*** Supplied entries ***

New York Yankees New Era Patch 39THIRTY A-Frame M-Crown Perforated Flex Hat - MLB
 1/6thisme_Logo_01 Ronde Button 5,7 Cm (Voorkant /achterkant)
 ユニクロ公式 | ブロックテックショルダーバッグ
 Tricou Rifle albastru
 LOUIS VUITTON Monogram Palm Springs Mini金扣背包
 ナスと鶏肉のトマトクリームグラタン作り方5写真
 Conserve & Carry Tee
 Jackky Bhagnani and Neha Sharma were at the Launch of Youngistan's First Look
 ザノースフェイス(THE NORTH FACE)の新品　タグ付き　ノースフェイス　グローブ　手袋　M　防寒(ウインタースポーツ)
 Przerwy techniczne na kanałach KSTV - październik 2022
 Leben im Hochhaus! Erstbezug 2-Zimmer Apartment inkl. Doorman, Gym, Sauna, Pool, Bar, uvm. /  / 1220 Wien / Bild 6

*** End of Supplied entries ***

## Goal of the exercise
The records shown above are to be retyped exactly, with none omitted.

## Exercise result
New York Yankees New Era Patch 39THIRTY A-Frame M-Crown Perforated Flex Hat - MLB
 1/6thisme_Logo_01 Ronde Button 5,7 Cm (Voorkant /achterkant)
 ユニクロ公式 | ブロックテックショルダーバッグ
 Tricou Rifle albastru
 LOUIS VUITTON Monogram Palm Springs Mini金扣背包
 ナスと鶏肉のトマトクリームグラタン作り方5写真
 Conserve & Carry Tee
 Jackky Bhagnani and Neha Sharma were at the Launch of Youngistan's First Look
 ザノースフェイス(THE NORTH FACE)の新品　タグ付き　ノースフェイス　グローブ　手袋　M　防寒(ウインタースポーツ)
 Przerwy techniczne na kanałach KSTV - październik 2022
 Leben im Hochhaus! Erstbezug 2-Zimmer Apartment inkl. Doorman, Gym, Sauna, Pool, Bar, uvm. /  / 1220 Wien / Bild 6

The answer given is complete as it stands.